[AVAILABLE DATA]:
- Opening Delimiter -
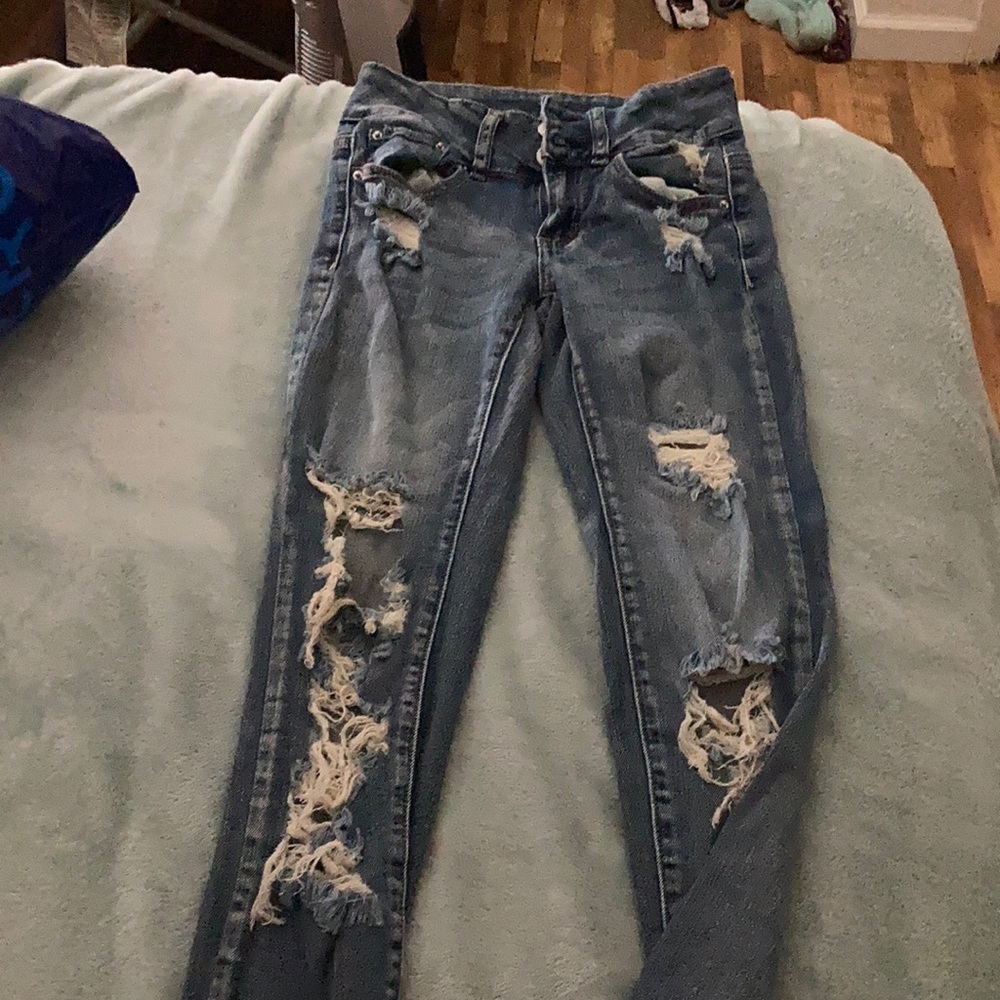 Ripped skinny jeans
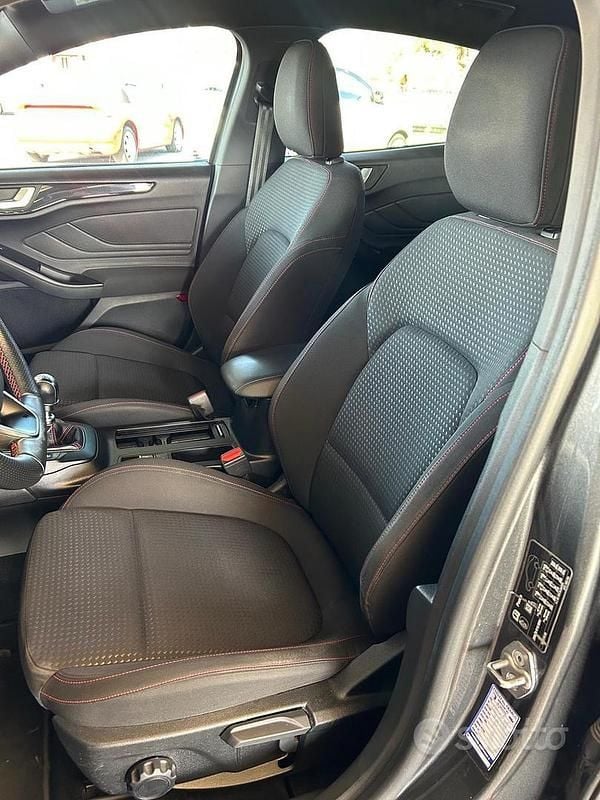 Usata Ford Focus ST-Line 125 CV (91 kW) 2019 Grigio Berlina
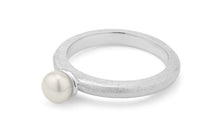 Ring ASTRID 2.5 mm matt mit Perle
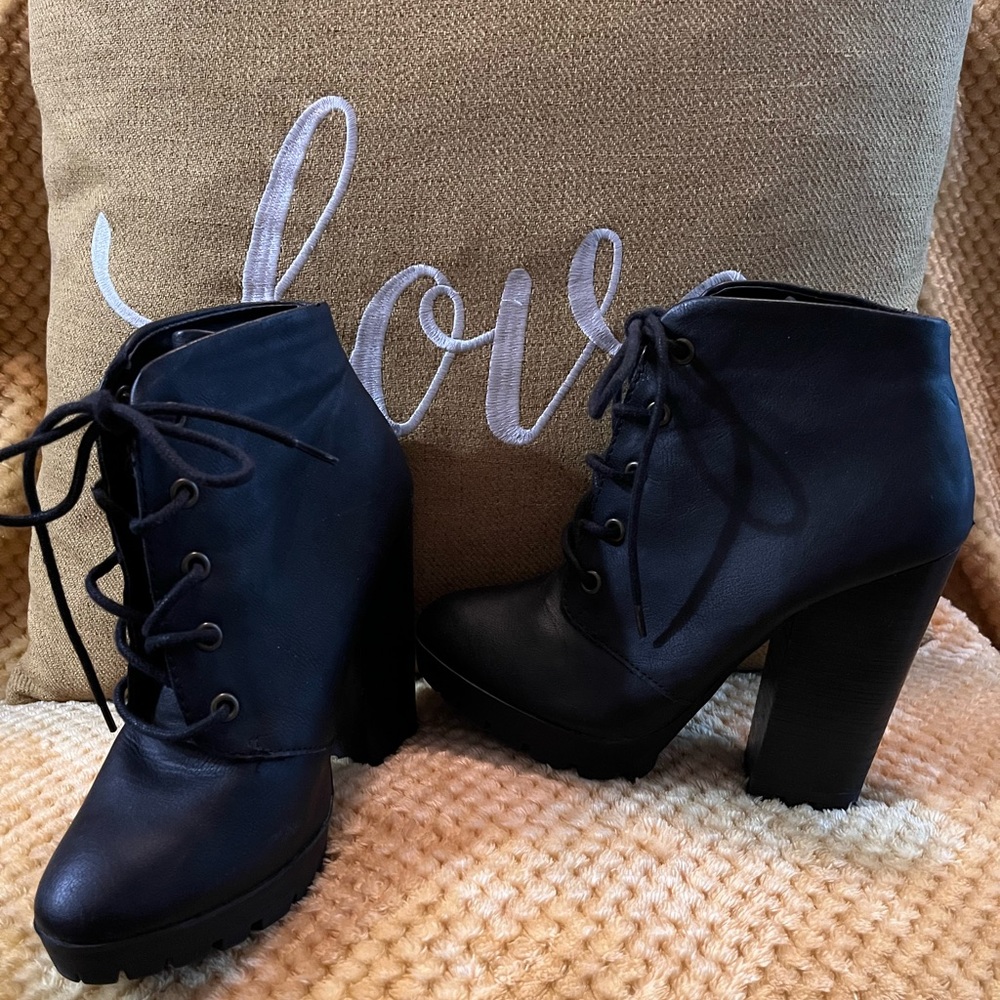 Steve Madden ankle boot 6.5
- Closing Delimiter -
- Opening Delimiter -
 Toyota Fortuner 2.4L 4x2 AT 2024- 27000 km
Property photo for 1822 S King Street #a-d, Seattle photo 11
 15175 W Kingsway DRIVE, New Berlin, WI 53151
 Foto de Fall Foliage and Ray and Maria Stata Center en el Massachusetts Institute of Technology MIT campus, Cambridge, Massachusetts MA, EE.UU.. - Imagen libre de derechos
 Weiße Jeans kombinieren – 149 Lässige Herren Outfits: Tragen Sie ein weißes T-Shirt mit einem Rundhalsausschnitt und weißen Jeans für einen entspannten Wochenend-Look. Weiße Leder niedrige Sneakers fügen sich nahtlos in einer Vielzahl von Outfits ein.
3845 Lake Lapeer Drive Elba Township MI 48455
- Closing Delimiter -
[WHAT TO WORK ON]:
Starting with the line that contains "Ring ASTRID 2.5 mm matt mit Perle" and finishing with the line that contains "Steve Madden ankle boot 6.5", reproduce every line of the material above exactly, but not the pictures.

[RESULT FOR THIS TASK]:
 Ring ASTRID 2.5 mm matt mit Perle
 Steve Madden ankle boot 6.5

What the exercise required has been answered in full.